Kindness Isn’t Soft…It’s a Skill

Kindness gets misunderstood.

We talk about it like it’s just being nice.
Sharing.
Smiling.
Saying please and thank you.

But real kindness, the kind that lasts, is not soft.

It’s a skill.

Kindness Requires Regulation

You can’t be kind when you’re dysregulated.

When your body is flooded with stress, fear, or anger, the brain shifts into protection mode.
And protection mode doesn’t think about others, it thinks about survival.

That’s why kids who are struggling emotionally often get labeled as “unkind.”

Not because they don’t care.
But because their nervous system is busy.

Kindness comes after regulation, not before it.

You Can’t Force Kindness

We try though.

“Be nice.”
“Say sorry.”
“That wasn’t kind.”

But forced kindness teaches performance, not empathy.

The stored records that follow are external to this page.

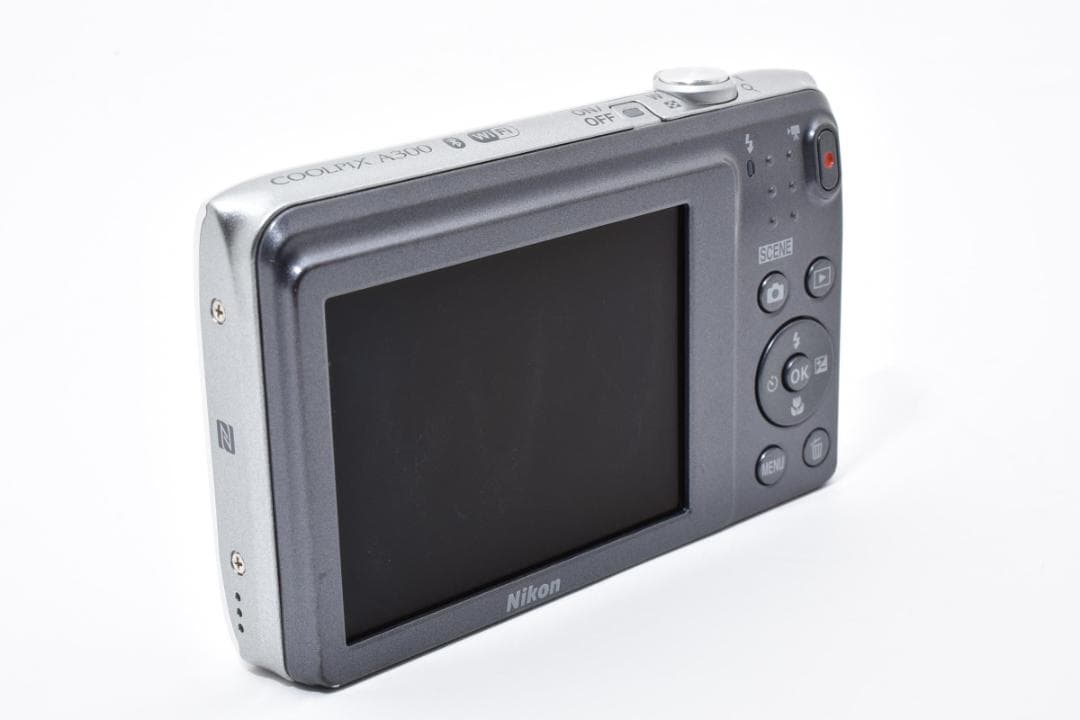 Nikon COOLPIX A300 シルバー コンパクトデジタルカメラ 訳あり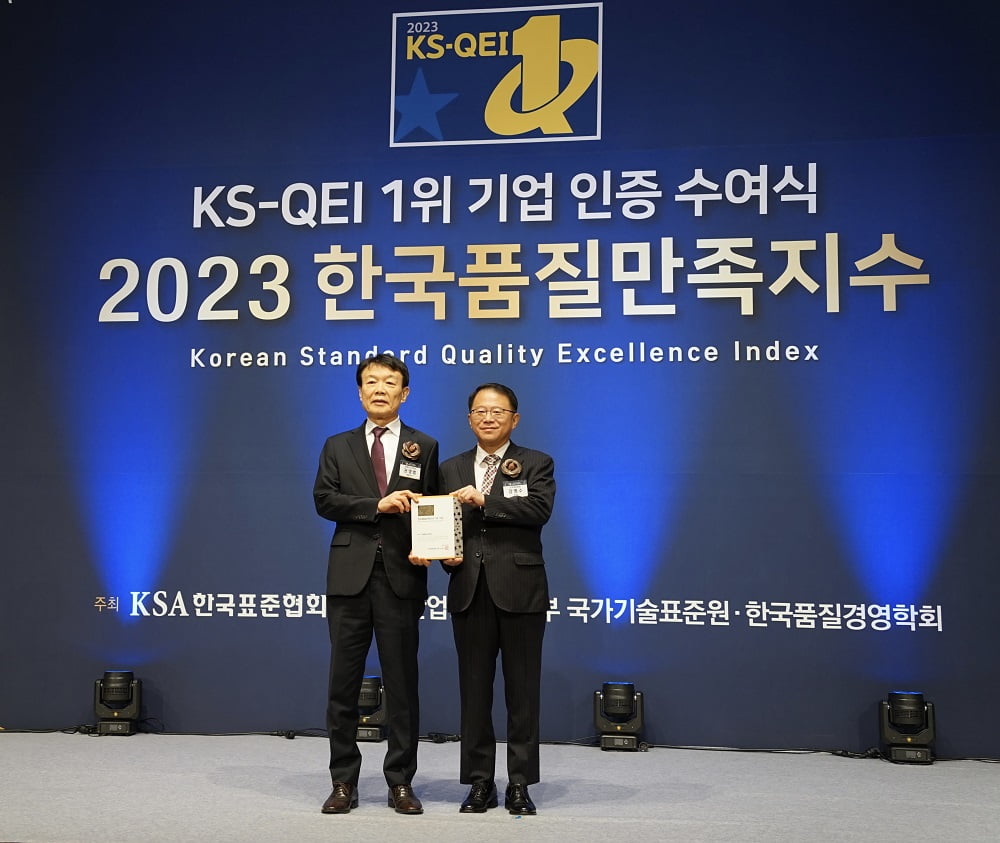 권영범 영림원소프트랩 대표(왼쪽)가 한국품질만족지수 1위를 수상하고 있다. 영림원소프트랩 제공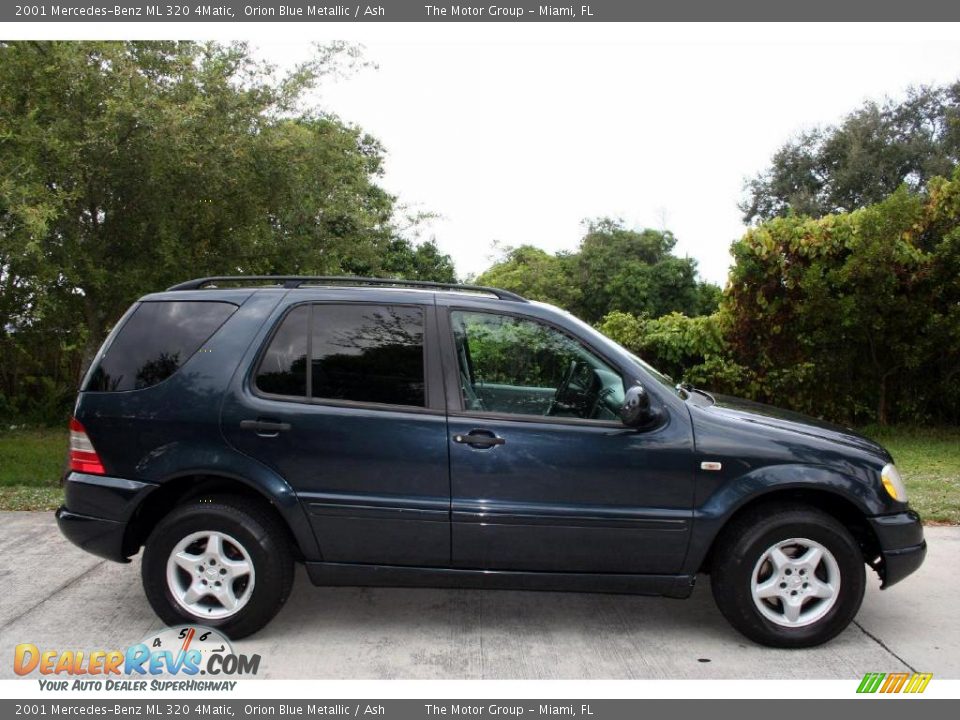2001 Mercedes-Benz ML 320 4Matic Orion Blue Metallic / Ash Photo #15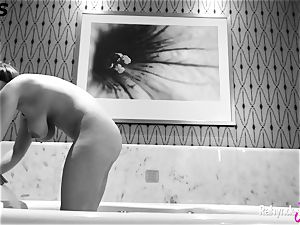 Rahyndee James and Lena Paul lesbo bathtub behind-the-scenes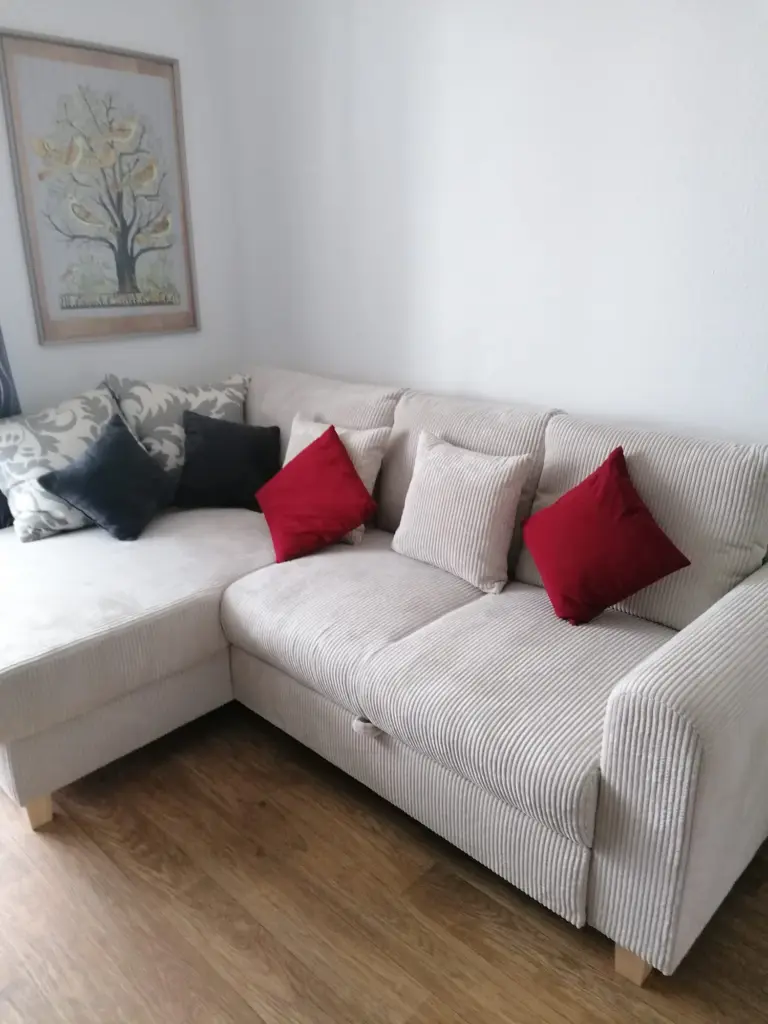 living room with sofa bed apartment near Hannover Messe Mittelfeld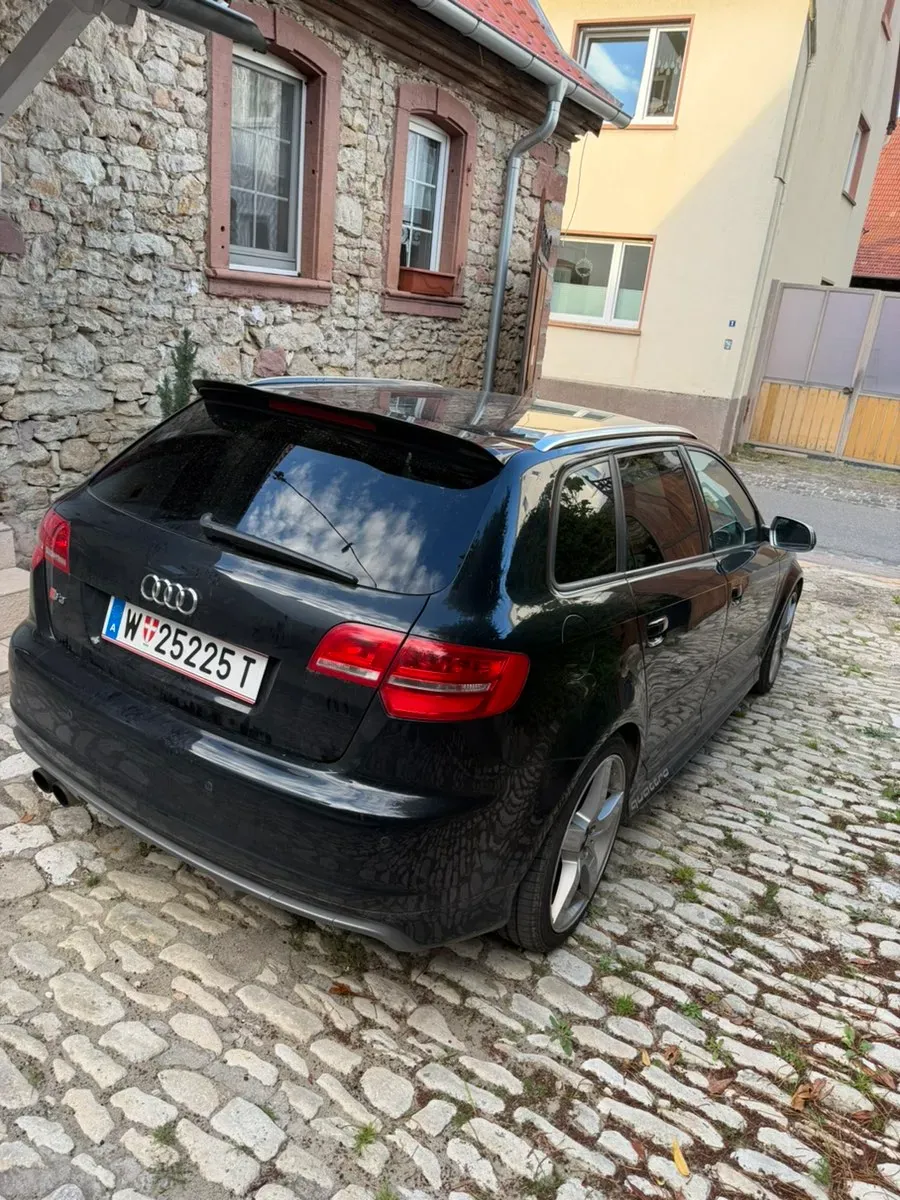 Audi A3 2011 photo 2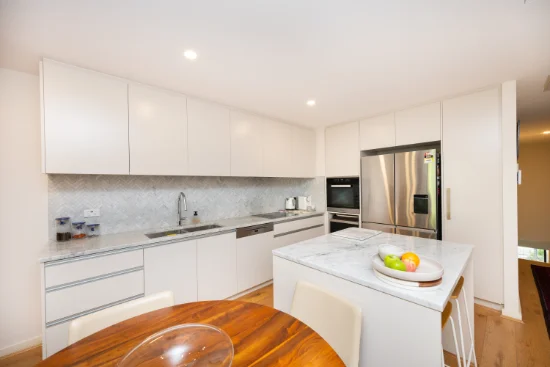 G13/20 Anzac Park, Campbell, ACT 2612 - For Rent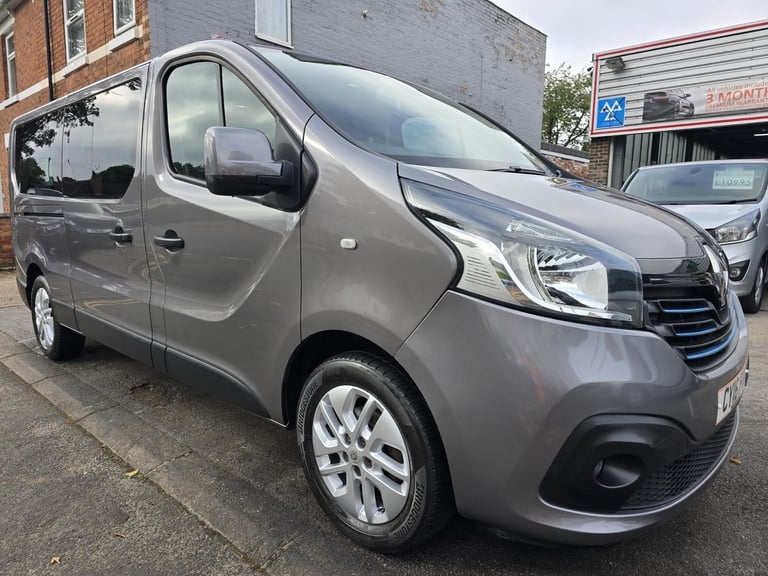 Renault Trafic LL29 ENERGY dCi 145 Sport Nav 9 Seat LWB Minibus DIESEL 2016/16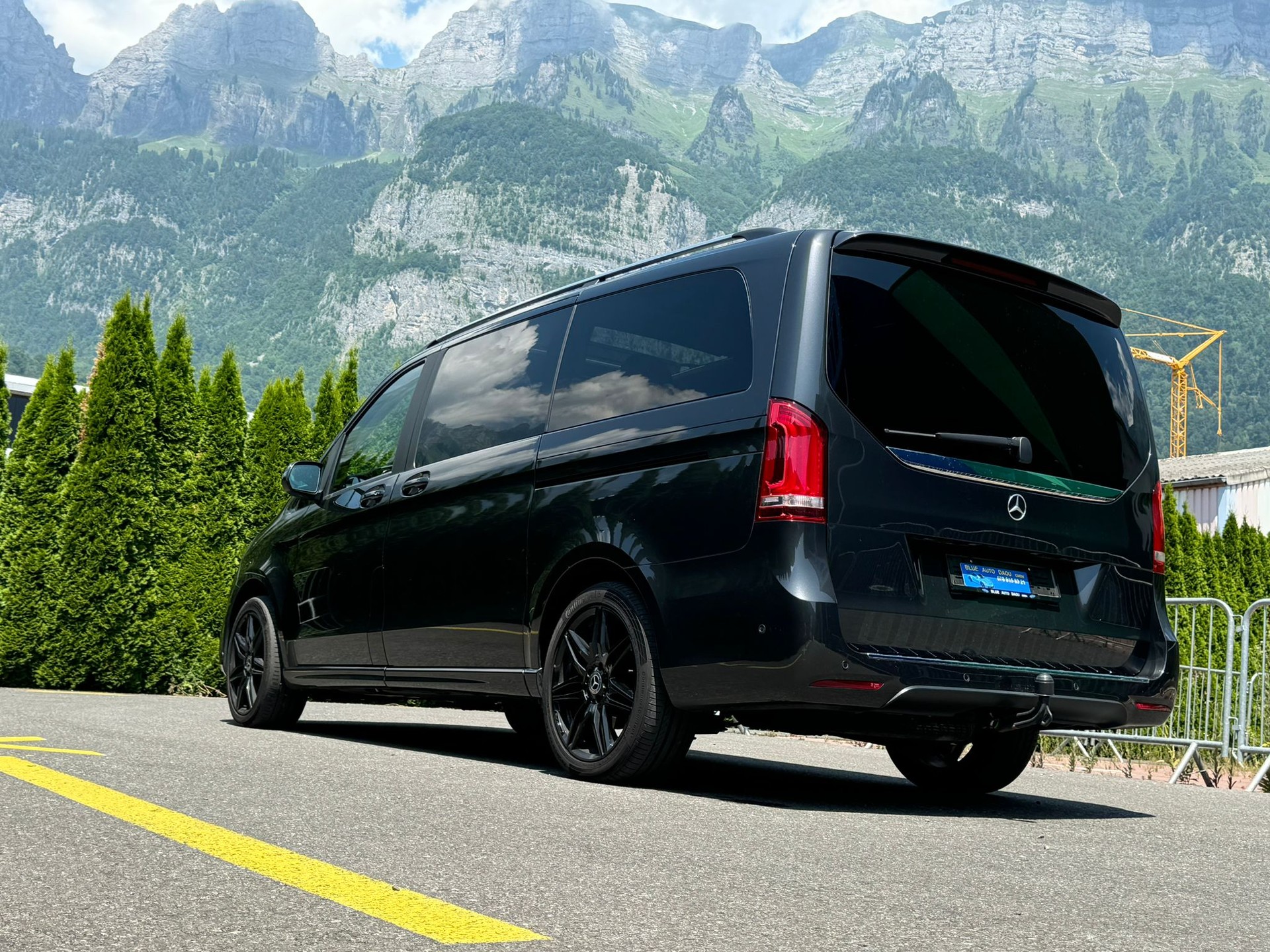 MERCEDES-BENZ V 300 d lang AMG LINE 4Matic 9G-Tronic-image-4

Kids learn kindness when they experience it.

When someone:

  • pauses instead of snapping

  • stays instead of walking away

  • listens instead of correcting

That’s how the brain learns,

“This is how humans treat each other.”

Kindness Is Built in Small Moments

Kindness isn’t grand gestures.

It’s:

  • letting someone calm down before talking

  • inviting someone back into the game

  • noticing when a friend is quiet

  • choosing repair over being right

Those skills don’t come naturally to all kids.
They are taught, practiced, and modeled.

The Kindness That Matters Most

The kindness kids remember isn’t always how others treated them.

It’s how they were treated when they struggled.

When they messed up.
When they were loud.
When they were overwhelmed.
When they were not their best selves.

That’s the kindness that sticks.

And that’s the kindness that teaches kids how to be kind to others — and eventually, to themselves.